Problem requirements:
Beginning with the line that contains "Ｗ屏風をワンデイ滑降 ～ ２０１５年３月２１日_f0170180_1711585.jpg", copy each subsequent line of the data below through the last one, including both ends but not the pictures.

Data shown:
---*---

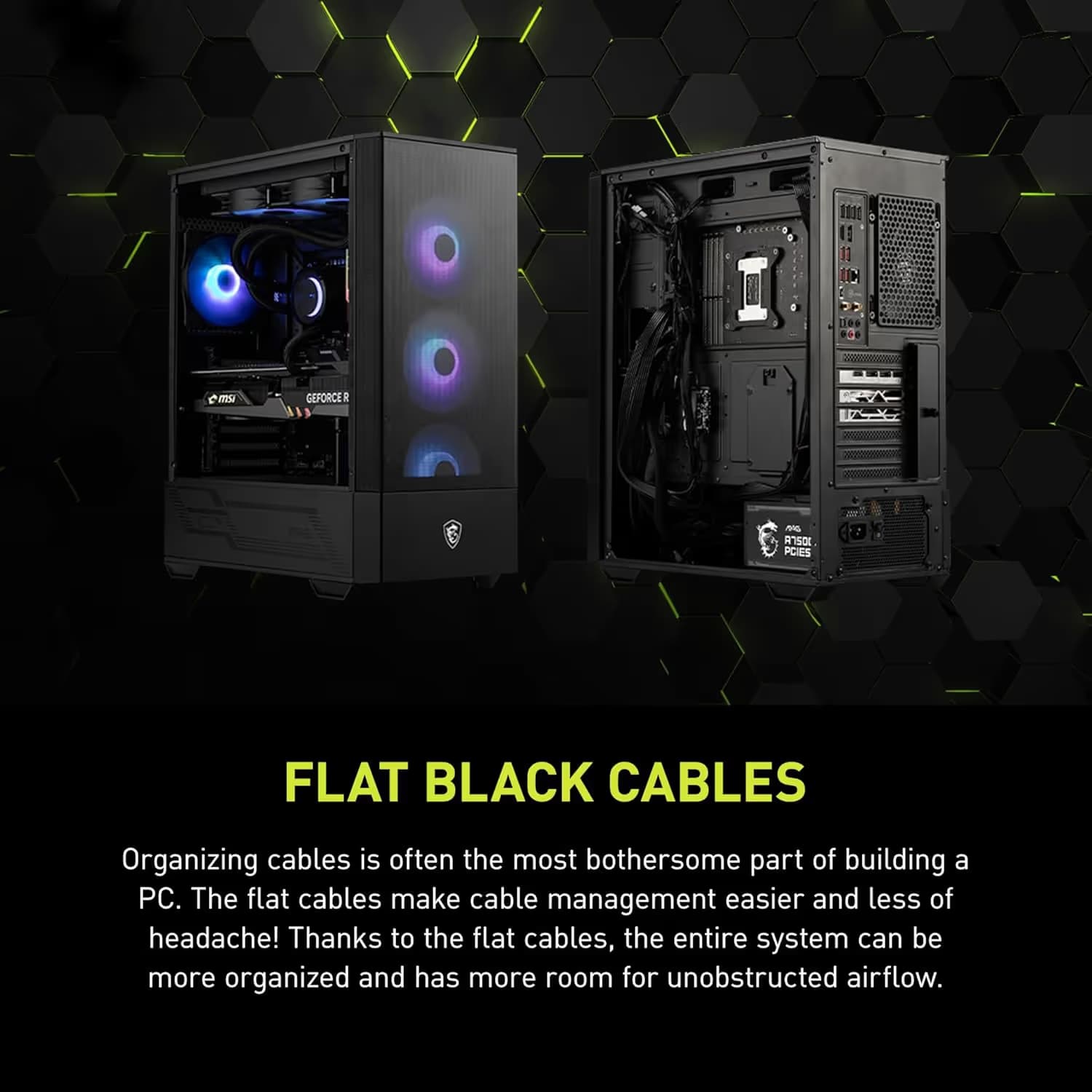 MSI MAG A750GL PCIE5 Black 750W Fully Modular 80+ Gold Certified image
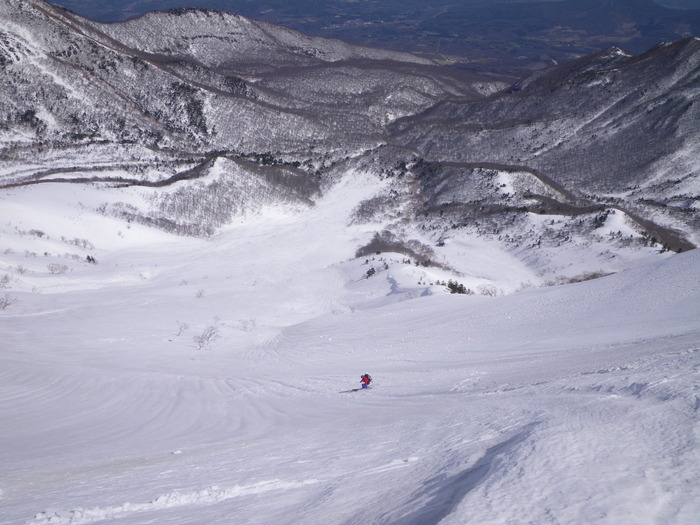 Ｗ屏風をワンデイ滑降 ～ ２０１５年３月２１日_f0170180_1711585.jpg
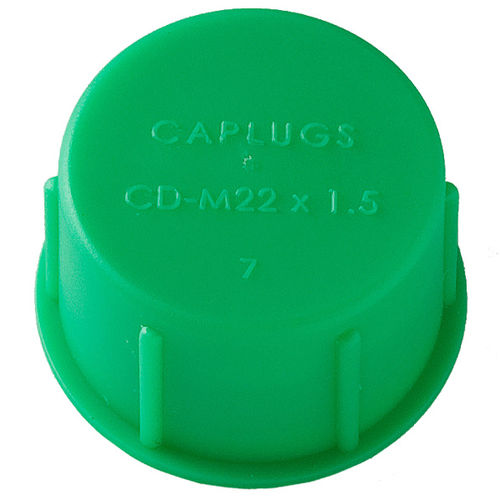 Крышка для соединения - CD-M series - Caplugs - резьбовая / круглая / из полиэтилена низкой плотности (ПЭВД)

---*---

Solution to the problem:
 Ｗ屏風をワンデイ滑降 ～ ２０１５年３月２１日_f0170180_1711585.jpg
 Крышка для соединения - CD-M series - Caplugs - резьбовая / круглая / из полиэтилена низкой плотности (ПЭВД)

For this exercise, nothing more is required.